In later chapters, Russell reviews the writings of women who have personally or professionally encountered medical psychiatry. The experiences of the particular women discussed differ in many ways, but all illustrate the theme of "medicalization" of the devalued female role. For psychologist Phyllis Chesler, women are pigeonholed as depressive, paranoid, suicidal, or frigid. The "idealistic" Belgian feminist Luce Irigaray focuses on societal repression of female sexuality and language. Fiction writers Charlotte Perkins Gilman and Zelda Fitzgerald were ordered by psychiatrists to curb their artistic impulses. Sylvia Plath's husband considered her, not a literary genius, but an "excessively self-centered" woman. Antonia White, whose books were inspired by a personal struggle against the tribulations endured during a 10-month stay in a London asylum, was, like others, not helped by the psychiatry to which she had turned for aid. The theme of psychiatric persecution also appears in the biographies and autobiographies of actor Frances Farmer, culture analyst Kate Millett, and philosopher Shelagh Supeene. Finally, Russell recounts the "particularly instructive" stories of the lives and suicides of novelists Virginia Woolf and Janet Frame.

It would be incorrect to assume that therapy by talk alone is more benign than surgical and chemical treatments. As the author of a critical analysis of psychotherapy (2), I interviewed women who described therapy-induced damage of four types: sustained and debilitating infatuation, dependency(3), stigmatization, and inappropriate institutionalization(4).

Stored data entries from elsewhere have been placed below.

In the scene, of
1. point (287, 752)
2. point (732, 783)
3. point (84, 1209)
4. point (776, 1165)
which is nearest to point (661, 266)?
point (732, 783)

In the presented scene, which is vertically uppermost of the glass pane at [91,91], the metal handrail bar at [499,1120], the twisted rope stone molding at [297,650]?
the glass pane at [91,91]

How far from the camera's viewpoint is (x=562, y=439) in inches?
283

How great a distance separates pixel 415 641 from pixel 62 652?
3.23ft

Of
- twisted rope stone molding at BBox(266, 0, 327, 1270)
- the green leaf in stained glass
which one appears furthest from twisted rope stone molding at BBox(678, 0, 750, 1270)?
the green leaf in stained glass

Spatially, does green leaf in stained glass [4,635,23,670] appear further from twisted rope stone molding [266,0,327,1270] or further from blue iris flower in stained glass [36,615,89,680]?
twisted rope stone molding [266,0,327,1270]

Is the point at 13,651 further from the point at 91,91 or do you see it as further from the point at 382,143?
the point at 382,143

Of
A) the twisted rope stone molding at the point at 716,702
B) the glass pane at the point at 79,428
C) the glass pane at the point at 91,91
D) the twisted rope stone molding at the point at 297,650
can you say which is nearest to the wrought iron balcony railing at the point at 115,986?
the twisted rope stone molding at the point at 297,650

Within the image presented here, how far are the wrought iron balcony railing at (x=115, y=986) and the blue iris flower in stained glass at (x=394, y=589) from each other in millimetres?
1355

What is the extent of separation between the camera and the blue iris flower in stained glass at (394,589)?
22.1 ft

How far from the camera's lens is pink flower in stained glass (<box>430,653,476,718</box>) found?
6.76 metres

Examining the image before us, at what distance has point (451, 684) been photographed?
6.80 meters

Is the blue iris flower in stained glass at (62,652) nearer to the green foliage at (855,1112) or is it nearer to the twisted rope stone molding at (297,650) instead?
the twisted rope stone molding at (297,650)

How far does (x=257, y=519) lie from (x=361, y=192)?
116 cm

In her conclusion, Denise Russell also finds biological psychiatry sterile in the Popperian sense because the vagueness and subjectivity of its conjectures and theories render them incapable of disproof. Furthermore, although she is ready to admit the possible value of conceptions not fully supported at the outset, in the case of medical psychiatry, not only does it damage its victims, but its theories fail to meet scientific criteria of ability to explain new facts. We've seen much of this before, but Russell's book brings it all together concisely and effectively. Women, Madness and Medicine belongs on every professional's book shelf as a directory of the psychiatric abuse of women.

 

NOTES

(1) While there are still those who insist that "therapy works," that effectiveness is independent of therapist training is no longer in dispute.

(2) Psychotherapy, The Hazardous Cure, 1975, Abelard-Schuman. After lengthy and detailed descriptions of the events of therapy, one woman asked whether I agreed that the therapist returned her feelings. I said that I saw no evidence of it from her descriptions of his actions. "But," she replied, unconvinced, because there is no convincing, "you haven't seen his eyes." For twelve years, this woman's thoughts had daily focused, not on children, husband, community or career, but on this man. With respect to dependency strong enough to be called addiction, there was Evelyn, who began psychotherapy as a teenager and had been "in" it ever since. Remarkably, although she said she felt herself to have been duped, demeaned, and violated by the various psychotherapists who had treated her over more than 35 years and despite a series of damaging therapy-induced incidents, her long-standing dependency did not leave her and to the end of her life she continued to allot substantial portions of her modest salary to professional counselors.

(3) The term "limerence" refers to the overwhelming, involuntary subcategory of the condition self-described as being in love. In psychoanalytic parlance it was called "transference" when the psychotherapist is its object.

(4) A woman induced by her family to submit to voluntary institutionalization and electric shock treatments was spared when a social worker at the hospital risked his career to rescue her. She reported that "some things are even worse than in your book."

(4) Melitta Schmideberg, a London psychiatrist and journal editor, told of a man so addicted (her word) after four decades of therapy that his goal and ambition in life was to free-associate endlessly in the company of a paid professional listener.